1. Yaratılış kapasitemiz Allah'ı görebilecek bir güçte değildir. Çünkü görme, ihâta yani her şeyiyle kuşatma, içine alma meselesidir. Mesela mikro âlemde virüsleri, bakterileri, makro âlemde ise kâinatın tamamını göremiyoruz. Gözlerimizin bir görme kapasitesi vardır ve bu konuda onlar yetersiz kalırlar.

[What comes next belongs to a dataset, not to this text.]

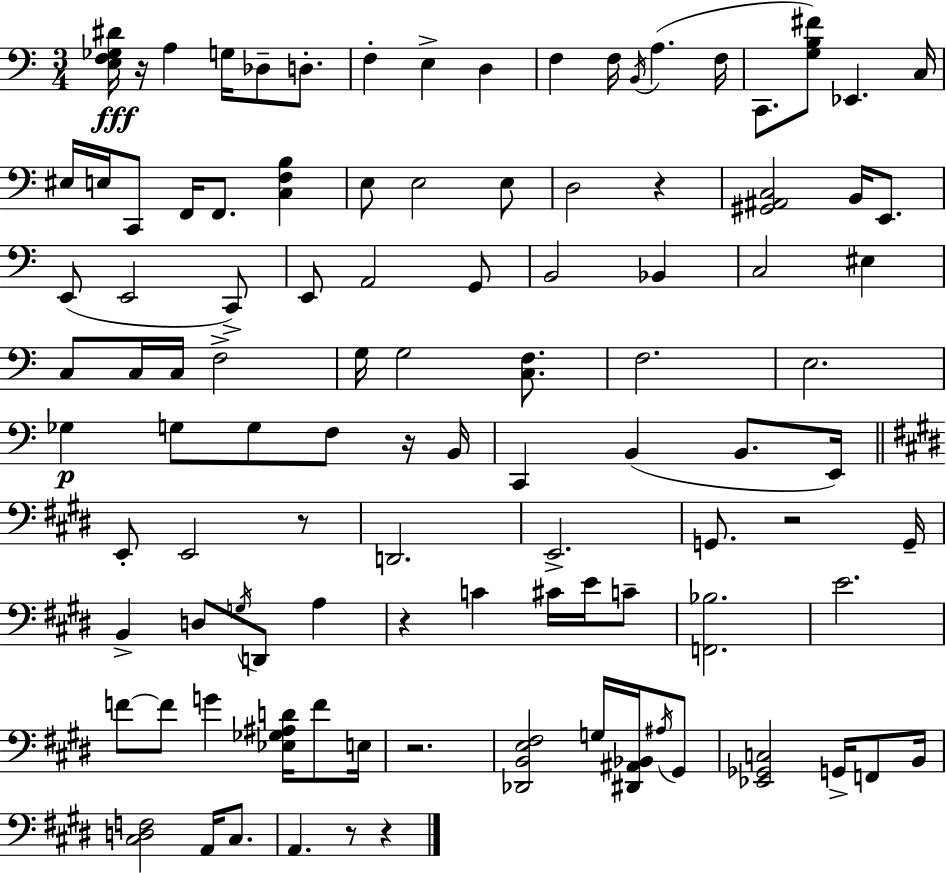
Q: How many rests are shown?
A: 9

2. Allahu Teâlâ'nın benzer ve zıddı yoktur. Bizim varlık âleminde bir şeyi görüp onu bilmemiz o şeyin benzerinin veya zıddının olması sebebiyledir. Soğuk olmasaydı sıcağı, ışık olmasaydı karanlığı bilemezdik. O yüzden Allah'ı kavrayabilmemiz mümkün değildir. Çünkü O'nun varlıkta ne bir benzeri ne de bir zıddı vardır.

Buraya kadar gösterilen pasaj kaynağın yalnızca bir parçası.